Recorded information —
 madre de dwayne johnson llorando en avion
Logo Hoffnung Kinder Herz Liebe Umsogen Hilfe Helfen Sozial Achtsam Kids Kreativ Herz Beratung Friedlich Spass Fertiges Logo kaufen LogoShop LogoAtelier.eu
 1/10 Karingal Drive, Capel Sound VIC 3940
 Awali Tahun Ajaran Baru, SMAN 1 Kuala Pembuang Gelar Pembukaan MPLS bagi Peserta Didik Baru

---

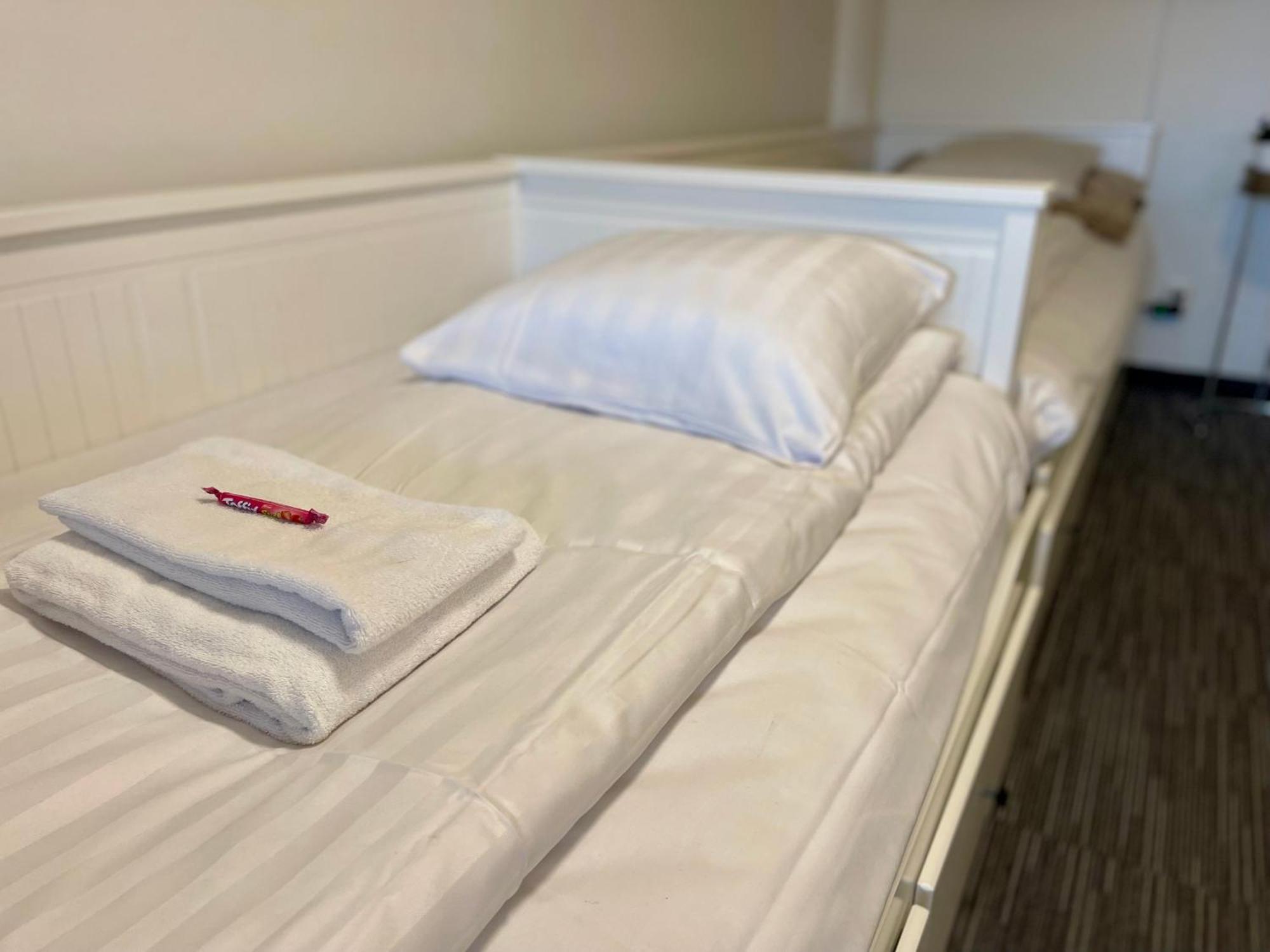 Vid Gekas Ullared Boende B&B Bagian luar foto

---

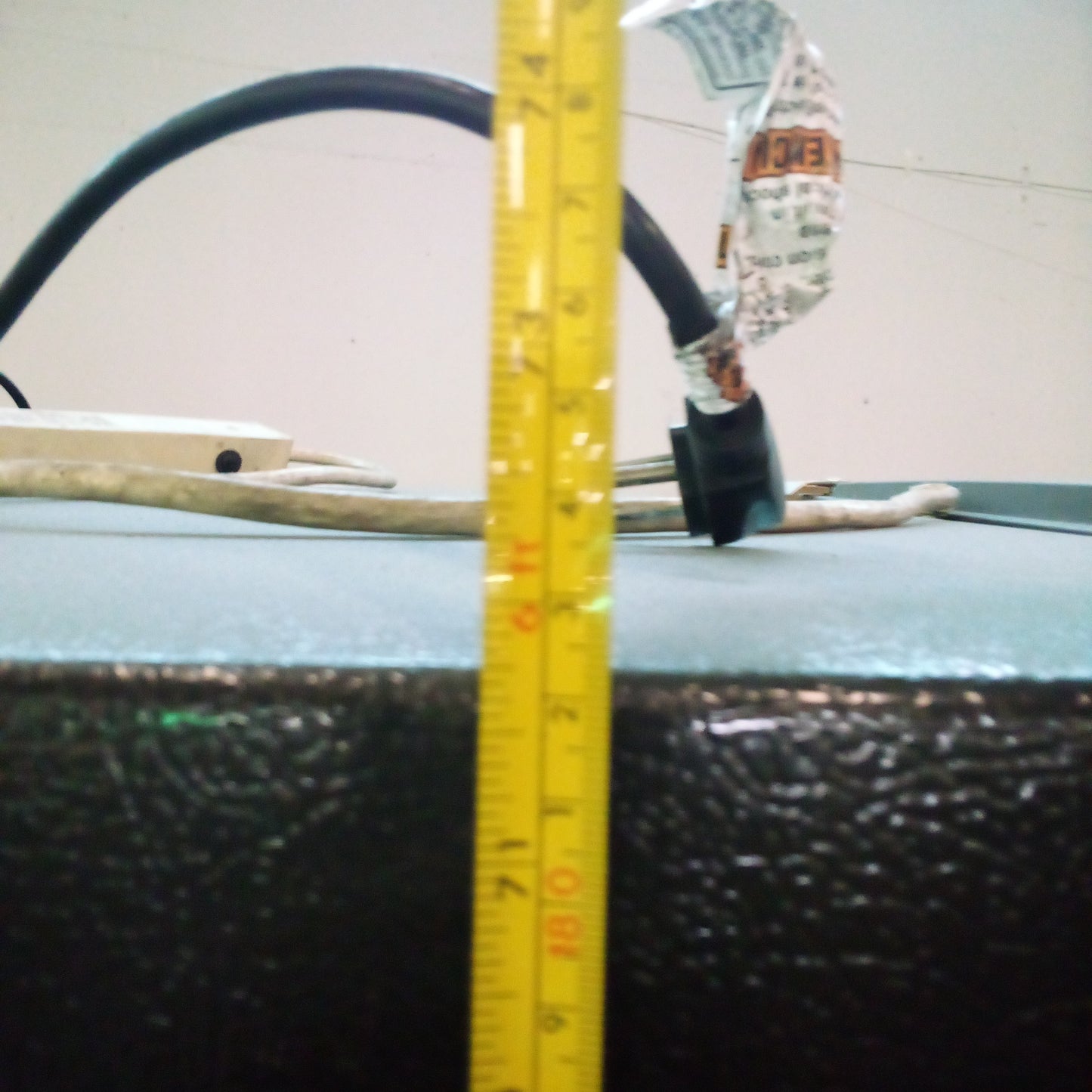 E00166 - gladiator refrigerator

Problem to solve — Transcribe the records above from the line holding "Logo Hoffnung Kinder" down to the line holding "Awali Tahun Ajaran", inclusive, without adding anything.

Result below —
Logo Hoffnung Kinder Herz Liebe Umsogen Hilfe Helfen Sozial Achtsam Kids Kreativ Herz Beratung Friedlich Spass Fertiges Logo kaufen LogoShop LogoAtelier.eu
 1/10 Karingal Drive, Capel Sound VIC 3940
 Awali Tahun Ajaran Baru, SMAN 1 Kuala Pembuang Gelar Pembukaan MPLS bagi Peserta Didik Baru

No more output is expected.